— Material provided —
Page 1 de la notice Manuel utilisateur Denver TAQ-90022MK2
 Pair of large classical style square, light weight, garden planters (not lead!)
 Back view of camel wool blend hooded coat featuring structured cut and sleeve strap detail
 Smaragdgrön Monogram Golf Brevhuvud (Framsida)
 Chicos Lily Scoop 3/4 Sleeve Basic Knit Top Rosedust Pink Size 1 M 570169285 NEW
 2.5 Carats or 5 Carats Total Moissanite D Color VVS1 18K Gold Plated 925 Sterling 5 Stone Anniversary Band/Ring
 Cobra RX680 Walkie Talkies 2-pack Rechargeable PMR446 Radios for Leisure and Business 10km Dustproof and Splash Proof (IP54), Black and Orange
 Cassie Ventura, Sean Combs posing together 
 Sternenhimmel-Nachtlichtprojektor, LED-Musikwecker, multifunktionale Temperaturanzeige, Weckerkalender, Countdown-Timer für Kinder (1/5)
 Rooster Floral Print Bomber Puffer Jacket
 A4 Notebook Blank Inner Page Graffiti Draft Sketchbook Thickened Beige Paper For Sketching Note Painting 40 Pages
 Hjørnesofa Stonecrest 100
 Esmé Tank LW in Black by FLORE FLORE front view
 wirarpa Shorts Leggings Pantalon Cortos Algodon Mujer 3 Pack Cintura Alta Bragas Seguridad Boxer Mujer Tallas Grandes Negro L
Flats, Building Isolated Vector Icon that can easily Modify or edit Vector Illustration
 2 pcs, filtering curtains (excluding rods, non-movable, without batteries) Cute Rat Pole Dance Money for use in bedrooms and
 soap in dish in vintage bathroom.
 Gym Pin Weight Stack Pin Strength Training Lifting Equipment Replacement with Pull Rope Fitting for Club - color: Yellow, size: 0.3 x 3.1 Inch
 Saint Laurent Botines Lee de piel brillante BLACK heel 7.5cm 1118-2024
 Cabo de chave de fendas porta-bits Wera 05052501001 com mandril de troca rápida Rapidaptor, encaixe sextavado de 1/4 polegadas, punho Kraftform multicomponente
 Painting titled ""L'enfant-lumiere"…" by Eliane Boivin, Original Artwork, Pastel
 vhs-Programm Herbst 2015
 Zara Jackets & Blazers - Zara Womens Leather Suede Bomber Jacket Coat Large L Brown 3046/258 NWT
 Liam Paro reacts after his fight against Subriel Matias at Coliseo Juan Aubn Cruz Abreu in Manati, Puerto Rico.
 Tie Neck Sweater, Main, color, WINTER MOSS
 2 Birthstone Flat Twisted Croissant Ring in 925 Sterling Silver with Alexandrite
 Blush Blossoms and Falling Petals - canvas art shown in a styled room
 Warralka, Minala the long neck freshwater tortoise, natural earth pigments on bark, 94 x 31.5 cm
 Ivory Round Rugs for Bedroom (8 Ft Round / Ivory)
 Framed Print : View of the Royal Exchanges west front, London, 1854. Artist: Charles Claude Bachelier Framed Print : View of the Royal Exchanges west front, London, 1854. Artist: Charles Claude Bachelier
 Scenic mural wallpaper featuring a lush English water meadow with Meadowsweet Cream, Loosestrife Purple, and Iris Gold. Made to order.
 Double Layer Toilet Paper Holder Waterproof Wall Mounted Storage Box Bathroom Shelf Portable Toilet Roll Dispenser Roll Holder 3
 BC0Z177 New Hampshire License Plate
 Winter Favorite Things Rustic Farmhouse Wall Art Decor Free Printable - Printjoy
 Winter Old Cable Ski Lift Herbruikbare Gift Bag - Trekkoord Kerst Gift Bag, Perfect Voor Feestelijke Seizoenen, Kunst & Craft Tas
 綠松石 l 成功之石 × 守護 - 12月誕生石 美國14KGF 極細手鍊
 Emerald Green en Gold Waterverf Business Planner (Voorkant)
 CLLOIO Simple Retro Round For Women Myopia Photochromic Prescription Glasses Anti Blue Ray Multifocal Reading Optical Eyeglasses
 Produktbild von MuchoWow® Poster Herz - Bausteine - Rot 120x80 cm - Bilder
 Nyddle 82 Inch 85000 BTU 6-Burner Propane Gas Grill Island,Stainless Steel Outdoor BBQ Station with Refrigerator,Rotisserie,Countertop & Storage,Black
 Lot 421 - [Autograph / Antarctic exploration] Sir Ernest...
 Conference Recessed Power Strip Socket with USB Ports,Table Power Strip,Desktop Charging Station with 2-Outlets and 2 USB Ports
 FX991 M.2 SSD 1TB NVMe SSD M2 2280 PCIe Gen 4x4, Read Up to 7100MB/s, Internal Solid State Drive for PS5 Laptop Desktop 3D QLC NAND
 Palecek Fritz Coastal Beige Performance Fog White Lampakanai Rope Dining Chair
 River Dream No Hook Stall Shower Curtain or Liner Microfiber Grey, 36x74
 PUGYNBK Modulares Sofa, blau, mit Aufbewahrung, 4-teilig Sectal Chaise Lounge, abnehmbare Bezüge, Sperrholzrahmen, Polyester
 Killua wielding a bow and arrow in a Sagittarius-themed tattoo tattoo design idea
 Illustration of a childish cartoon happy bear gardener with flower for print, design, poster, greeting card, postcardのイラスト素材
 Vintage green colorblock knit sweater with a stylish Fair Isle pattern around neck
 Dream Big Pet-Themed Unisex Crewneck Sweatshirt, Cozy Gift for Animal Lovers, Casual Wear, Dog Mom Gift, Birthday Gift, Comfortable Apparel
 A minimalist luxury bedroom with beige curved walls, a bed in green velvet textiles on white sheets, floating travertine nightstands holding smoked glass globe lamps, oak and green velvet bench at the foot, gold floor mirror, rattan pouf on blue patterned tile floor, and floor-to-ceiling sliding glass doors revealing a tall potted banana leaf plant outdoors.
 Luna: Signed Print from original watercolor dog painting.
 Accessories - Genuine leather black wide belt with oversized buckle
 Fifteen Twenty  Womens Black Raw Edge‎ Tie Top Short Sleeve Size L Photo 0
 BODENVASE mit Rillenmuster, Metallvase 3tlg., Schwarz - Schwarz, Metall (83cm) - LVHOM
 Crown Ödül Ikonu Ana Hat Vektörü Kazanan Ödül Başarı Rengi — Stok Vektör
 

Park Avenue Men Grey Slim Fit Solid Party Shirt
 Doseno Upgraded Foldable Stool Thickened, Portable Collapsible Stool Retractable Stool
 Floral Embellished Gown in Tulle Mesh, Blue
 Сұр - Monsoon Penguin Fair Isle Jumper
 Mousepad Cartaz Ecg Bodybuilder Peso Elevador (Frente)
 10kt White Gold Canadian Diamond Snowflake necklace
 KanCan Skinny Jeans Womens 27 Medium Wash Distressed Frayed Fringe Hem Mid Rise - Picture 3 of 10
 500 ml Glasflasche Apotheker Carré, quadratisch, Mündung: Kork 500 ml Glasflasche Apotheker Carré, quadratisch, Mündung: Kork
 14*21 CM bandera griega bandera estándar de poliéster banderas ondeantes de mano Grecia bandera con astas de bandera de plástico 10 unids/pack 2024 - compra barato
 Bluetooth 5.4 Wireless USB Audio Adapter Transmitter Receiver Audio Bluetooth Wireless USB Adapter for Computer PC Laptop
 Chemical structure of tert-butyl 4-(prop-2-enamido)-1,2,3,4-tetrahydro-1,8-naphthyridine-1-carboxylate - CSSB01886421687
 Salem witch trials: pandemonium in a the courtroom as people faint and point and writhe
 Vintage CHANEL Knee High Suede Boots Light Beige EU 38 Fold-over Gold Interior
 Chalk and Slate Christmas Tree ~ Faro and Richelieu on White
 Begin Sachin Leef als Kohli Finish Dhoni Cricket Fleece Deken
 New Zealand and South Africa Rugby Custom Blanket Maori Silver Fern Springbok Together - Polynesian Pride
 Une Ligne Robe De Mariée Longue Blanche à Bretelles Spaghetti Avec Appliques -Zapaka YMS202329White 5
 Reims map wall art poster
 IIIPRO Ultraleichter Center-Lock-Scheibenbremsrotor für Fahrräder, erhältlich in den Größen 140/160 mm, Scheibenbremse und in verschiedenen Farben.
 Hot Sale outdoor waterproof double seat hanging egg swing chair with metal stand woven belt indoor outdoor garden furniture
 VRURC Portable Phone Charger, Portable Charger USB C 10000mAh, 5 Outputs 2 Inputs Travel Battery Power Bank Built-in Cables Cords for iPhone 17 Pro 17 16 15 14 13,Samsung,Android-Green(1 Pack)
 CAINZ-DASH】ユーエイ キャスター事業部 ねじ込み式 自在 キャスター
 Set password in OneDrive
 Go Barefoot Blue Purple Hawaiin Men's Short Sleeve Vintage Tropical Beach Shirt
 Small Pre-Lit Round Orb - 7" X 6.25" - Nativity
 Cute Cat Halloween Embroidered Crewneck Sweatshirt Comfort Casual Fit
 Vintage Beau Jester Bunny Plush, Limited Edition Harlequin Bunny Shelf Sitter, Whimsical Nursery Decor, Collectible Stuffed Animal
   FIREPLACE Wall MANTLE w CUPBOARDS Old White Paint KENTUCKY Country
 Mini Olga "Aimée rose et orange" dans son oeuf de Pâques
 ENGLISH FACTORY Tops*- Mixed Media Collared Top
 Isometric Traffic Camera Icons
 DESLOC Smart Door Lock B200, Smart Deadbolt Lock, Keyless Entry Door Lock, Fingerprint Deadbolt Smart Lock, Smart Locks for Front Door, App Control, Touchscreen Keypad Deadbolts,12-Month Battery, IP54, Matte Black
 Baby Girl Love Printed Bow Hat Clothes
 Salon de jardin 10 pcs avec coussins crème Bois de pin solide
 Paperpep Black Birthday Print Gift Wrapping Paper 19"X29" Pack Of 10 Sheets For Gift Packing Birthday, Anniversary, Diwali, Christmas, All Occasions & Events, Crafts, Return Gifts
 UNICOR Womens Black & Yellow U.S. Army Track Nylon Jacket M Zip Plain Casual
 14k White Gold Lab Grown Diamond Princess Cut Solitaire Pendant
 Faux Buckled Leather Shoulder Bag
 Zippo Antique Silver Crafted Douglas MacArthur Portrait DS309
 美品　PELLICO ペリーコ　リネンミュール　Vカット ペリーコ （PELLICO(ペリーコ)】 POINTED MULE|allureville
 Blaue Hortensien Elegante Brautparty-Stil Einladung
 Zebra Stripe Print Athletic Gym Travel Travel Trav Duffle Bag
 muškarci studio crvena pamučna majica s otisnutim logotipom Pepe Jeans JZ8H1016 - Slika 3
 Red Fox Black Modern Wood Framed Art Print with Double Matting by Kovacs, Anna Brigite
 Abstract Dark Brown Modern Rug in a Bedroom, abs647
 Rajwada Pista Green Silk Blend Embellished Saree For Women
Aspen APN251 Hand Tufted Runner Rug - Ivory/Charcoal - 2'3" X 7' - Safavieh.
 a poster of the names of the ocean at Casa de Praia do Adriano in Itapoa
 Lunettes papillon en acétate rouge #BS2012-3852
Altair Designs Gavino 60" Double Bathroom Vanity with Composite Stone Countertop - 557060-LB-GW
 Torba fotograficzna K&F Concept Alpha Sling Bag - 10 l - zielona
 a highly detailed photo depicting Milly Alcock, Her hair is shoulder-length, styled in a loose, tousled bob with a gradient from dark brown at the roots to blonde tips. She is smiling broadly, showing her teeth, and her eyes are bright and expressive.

— What the task requires —
Among the records above, find each line holding the string "Desktop" and pull it out.

— Your response —
 Conference Recessed Power Strip Socket with USB Ports,Table Power Strip,Desktop Charging Station with 2-Outlets and 2 USB Ports
 FX991 M.2 SSD 1TB NVMe SSD M2 2280 PCIe Gen 4x4, Read Up to 7100MB/s, Internal Solid State Drive for PS5 Laptop Desktop 3D QLC NAND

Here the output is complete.